In practice, to make the covering of a conductor, the fibers are surrounded in a layer of liquid polymer, and that material is solidified by being exposed to ultraviolet radiation. The two protective layers can be manufactured either serially, i.e. the first layer is manufactured prior to the second layer, or else in parallel, with both layers being deposited simultaneously and being cured together. Currently, the coloring layer and the coating covering (for forming a ribbon) are manufactured serially, one after the other.
To achieve the cross-linking, photo-initiator elements are inserted into the material to be polymerized. By means of the photo-initiators, curing by exposure to ultraviolet radiation causes a chemical polymerization reaction to take place, thereby setting the material. For example, the material to be polymerized can be an acrylate.
Curing by exposure to ultraviolet radiation is generally performed by means of two arc lamps. A first lamp produces radiation, the most intense wavelengths of which lie approximately in the range 350 nm to 400 nm. The first lamp principally performs in-depth cross-linking. A second arc lamp emits ultraviolet radiation that is rich in shorter wavelengths, of about 300 nm. The second lamp principally performs surface cross-linking.

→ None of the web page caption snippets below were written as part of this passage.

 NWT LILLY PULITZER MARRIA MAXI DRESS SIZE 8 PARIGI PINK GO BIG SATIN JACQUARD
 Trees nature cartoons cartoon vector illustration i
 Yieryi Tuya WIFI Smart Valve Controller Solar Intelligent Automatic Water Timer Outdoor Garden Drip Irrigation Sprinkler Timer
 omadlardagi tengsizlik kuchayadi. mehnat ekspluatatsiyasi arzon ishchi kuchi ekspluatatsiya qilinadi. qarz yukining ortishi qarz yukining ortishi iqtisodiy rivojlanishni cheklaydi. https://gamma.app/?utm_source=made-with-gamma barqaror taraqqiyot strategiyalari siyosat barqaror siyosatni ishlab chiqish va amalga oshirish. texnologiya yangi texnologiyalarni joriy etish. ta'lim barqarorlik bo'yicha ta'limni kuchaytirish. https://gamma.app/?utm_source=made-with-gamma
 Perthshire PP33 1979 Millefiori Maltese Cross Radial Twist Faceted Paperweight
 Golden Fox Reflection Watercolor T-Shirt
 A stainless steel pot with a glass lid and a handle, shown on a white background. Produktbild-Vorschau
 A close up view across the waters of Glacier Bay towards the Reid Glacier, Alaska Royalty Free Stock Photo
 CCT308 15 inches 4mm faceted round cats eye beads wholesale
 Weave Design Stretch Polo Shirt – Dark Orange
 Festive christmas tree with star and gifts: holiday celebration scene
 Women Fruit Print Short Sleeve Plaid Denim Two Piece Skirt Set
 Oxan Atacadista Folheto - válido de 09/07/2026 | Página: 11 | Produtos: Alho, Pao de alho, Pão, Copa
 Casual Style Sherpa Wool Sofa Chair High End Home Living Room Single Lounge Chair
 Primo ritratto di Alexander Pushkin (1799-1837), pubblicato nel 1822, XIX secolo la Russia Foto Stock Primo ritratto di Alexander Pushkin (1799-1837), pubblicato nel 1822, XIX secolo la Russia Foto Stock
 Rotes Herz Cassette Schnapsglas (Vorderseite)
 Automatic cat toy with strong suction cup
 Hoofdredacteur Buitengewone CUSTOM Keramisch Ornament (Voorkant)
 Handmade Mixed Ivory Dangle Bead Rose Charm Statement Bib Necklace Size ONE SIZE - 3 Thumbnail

The arc lamps give off large quantities of heat. It is thus necessary to cool them. It is also necessary to cool the optical conductor being manufactured because, at the end of the first exposure to ultraviolet radiation, the temperature of the covering is high and lies in the range 100.degree. C. to 1000.degree. C., and cross-linking does not take place correctly at high temperatures. Unfortunately, the reduction in temperature that can be obtained is relatively small, in particular because optical conductors must be manufactured at high speed, and often at speeds exceeding 100 meters per minute (m/min). Under such conditions, the quantity of photo-initiator material that needs to be used is greater than the quantity that would be necessary if the temperature were close to ambient.